Mr. Steele said that while he is “uncomfortable with a lot of things … it doesn’t matter what I’m comfortable with or not comfortable with. I don’t vote in that election.”

A day after cruising to victory Tuesday in the Republican Senate primary, Mr. Paul told MSNBC’s Rachel Maddow that, while he supported the 1964 Civil Rights Act in general, he thought some provisions banning discrimination in private businesses may have gone too far.

A day later, Mr. Paul began stepping back from those comments, saying in a written statement, “I believe we should work to end all racism in American society and staunchly defend the inherent rights of every person.”

Mr. Steele, when asked on “Fox News Sunday” if Mr. Paul’s civil rights statements were wrong, answered that the candidate’s “philosophy is misplaced in these times.”

Mr. Paul “stands foursquare with the party on this issue, but he had a philosophical difference, as many members who come to Congress have different philosophies,” the chairman said. “But when you get [in Washington], what you do and how you execute the job is what matters.”

Democratic National Committee Chairman Tim Kaine, also appearing on the Sunday talk show, said Mr. Paul’s comments on civil rights and others he has made supporting limits to federal regulations will help make the traditionally Republican seat more competitive for Democrats in the November general election.

“Saying as Rand Paul did … that we needn’t be so worried about things like mining regulations, this is a very important role the government has: to protect the safety of the environment and the health of citizens,” Mr. Kaine said. “Rand Paul’s statements along these lines are very, very troubling.”

But Mr. Steele said he has spoken with Mr. Paul and is confident he is a good representative of the Republican Party.

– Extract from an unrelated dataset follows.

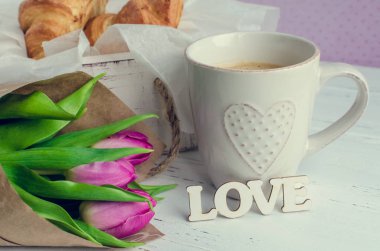 Kahve ay çöreği, buket pembe laleler ve ahşap kelime aşk ile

“It’s important to understand that Rand Paul has clarified his statement and reiterated his support for … pushing civil rights forward,” Mr. Steele said. “Any attempt to look backwards is not in the best interest of our country, certainly, and certainly not in the best interest of the party.”

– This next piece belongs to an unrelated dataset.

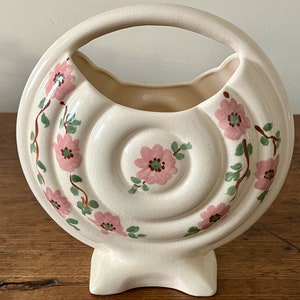 May include: Cream-colored ceramic vase with a circular design and a handle. The vase features pink floral patterns with green leaves and brown stems. The base is a rectangular shape.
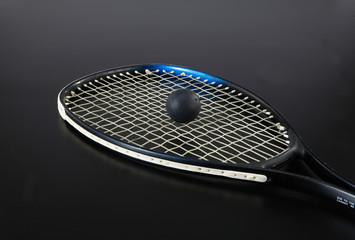 tennis racket with ball on black background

Mr. Steele added that Mr. Paul’s views on civil rights should be judged in context with the “philosophical position” held by libertarians, which Mr. Paul is.

“They have a very, very strong view about the limitations of government intrusion into the private sector,” he said. “That is a philosophical perspective.”

Former Alaska governor and 2008 Republican vice-presidential candidate Sarah Palin defended Mr. Paul, saying on “Fox News Sunday” that he was “right in his clarifications about what he means in his interpretation of the impacts of the Civil Rights Act.”

Mrs. Palin, like Mr. Steele, declined to outright condemn Mr. Paul for his civil rights comments.

“Rand Paul is not a perfect, always-to-be-agreed-with candidate. Nobody is,” the former governor said. “But Rand Paul is a libertarian. He’s clear in his libertarian leanings.”

Mrs. Palin went on to say that Mr. Paul, during his interview with Ms. Maddow, had engaged in a”hypothetical discussion about constitutional impacts” with a “media personality who has an agenda.”

“You know, they’re looking for that ‘gotcha’ moment, and that’s what it evidently appears to be that they did with Rand Paul,” she said.